= DATA PROVIDED =

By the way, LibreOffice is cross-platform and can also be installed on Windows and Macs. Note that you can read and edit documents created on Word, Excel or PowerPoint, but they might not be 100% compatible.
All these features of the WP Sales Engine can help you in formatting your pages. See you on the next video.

...

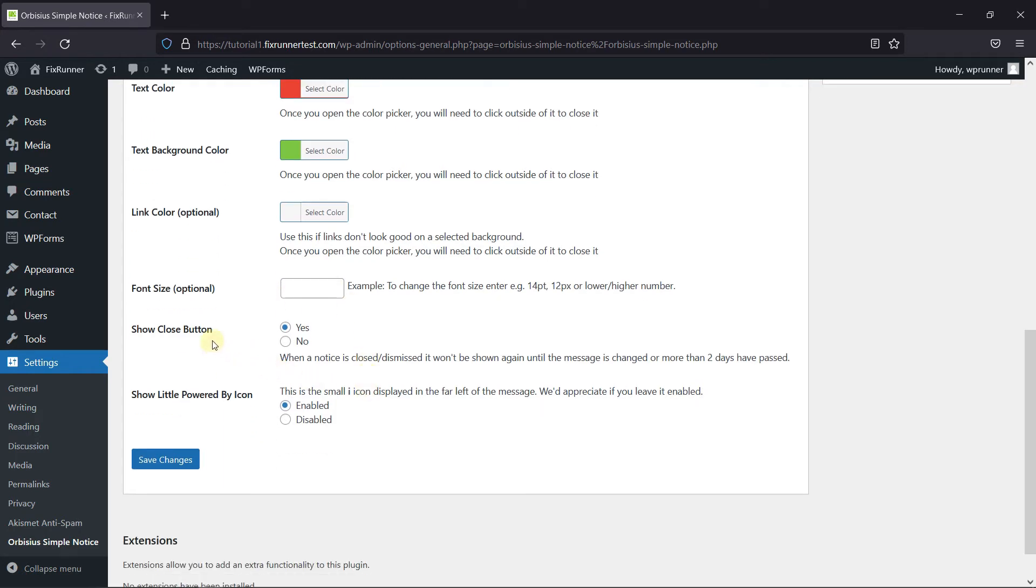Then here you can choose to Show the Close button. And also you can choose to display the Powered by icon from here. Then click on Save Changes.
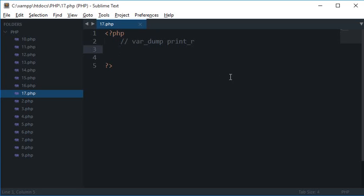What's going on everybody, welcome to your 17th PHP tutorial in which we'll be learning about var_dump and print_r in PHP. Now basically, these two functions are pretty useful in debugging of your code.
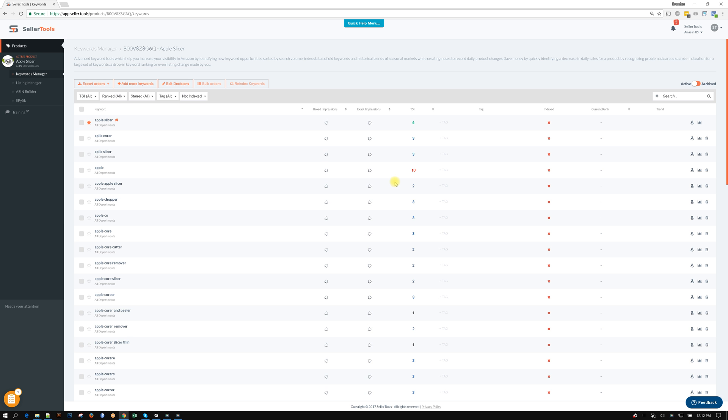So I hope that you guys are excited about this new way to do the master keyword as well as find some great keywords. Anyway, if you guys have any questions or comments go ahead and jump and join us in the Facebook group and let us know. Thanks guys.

= YOUR TASK =
Print exactly the lines of the listing above starting at the line containing "By the way, LibreOffice" and ending at the line containing "All these features", both included.

= EXERCISE RESULT =
By the way, LibreOffice is cross-platform and can also be installed on Windows and Macs. Note that you can read and edit documents created on Word, Excel or PowerPoint, but they might not be 100% compatible.
All these features of the WP Sales Engine can help you in formatting your pages. See you on the next video.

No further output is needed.